→ **Activity**
Only lines with the string "Jacket" should be returned from the data below.

→ **Provided records**
****

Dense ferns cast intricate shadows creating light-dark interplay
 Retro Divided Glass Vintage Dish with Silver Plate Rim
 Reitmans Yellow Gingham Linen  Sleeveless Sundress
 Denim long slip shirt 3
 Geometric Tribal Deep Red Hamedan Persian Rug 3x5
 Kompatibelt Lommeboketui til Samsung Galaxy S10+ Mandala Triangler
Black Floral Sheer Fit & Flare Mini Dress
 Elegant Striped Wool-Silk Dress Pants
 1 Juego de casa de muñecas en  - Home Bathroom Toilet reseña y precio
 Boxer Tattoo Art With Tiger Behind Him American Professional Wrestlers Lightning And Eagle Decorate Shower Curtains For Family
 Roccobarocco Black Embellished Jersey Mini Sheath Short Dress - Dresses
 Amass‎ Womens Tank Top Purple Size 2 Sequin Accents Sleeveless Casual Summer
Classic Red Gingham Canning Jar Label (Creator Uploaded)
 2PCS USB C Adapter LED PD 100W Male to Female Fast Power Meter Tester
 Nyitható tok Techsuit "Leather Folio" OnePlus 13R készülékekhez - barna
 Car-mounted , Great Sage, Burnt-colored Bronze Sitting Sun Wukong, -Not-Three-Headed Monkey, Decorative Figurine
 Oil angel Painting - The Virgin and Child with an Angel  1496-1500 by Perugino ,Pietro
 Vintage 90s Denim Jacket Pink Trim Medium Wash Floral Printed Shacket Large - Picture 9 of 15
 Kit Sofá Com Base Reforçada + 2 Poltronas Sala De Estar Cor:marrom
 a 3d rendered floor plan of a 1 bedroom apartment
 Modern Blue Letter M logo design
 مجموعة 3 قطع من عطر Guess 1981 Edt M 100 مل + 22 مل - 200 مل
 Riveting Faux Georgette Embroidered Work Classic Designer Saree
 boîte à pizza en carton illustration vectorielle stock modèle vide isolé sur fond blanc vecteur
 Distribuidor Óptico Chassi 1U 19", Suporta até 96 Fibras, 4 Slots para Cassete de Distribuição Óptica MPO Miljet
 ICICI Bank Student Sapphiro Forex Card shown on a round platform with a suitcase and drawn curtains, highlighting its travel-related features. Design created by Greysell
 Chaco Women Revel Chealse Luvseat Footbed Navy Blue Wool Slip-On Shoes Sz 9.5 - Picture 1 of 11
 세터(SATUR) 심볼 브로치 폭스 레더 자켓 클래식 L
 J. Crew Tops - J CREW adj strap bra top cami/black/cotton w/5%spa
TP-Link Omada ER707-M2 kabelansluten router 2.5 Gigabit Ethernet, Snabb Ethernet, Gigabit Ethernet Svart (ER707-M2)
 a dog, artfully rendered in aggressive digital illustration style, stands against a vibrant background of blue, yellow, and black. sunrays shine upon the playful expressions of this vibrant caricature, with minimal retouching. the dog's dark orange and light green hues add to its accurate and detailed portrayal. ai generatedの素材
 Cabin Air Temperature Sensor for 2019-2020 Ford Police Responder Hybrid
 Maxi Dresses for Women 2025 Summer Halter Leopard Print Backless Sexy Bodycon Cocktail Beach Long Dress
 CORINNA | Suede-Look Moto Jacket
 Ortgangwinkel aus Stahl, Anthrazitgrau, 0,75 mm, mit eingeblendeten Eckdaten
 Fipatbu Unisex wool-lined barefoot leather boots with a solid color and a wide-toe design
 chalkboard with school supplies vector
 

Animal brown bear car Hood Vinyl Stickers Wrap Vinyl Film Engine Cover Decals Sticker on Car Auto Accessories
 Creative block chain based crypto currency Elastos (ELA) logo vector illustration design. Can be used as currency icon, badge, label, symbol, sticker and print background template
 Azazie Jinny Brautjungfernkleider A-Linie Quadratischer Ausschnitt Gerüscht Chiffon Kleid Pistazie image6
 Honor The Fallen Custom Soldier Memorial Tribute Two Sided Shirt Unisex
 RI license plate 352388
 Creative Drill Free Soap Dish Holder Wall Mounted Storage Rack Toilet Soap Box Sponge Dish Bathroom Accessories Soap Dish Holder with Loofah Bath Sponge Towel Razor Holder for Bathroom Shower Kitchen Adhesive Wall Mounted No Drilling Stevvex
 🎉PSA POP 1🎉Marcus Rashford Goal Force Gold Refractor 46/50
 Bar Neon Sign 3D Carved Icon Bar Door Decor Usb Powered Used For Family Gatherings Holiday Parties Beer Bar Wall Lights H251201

****

→ **Answer to the exercise**
 Vintage 90s Denim Jacket Pink Trim Medium Wash Floral Printed Shacket Large - Picture 9 of 15
 CORINNA | Suede-Look Moto Jacket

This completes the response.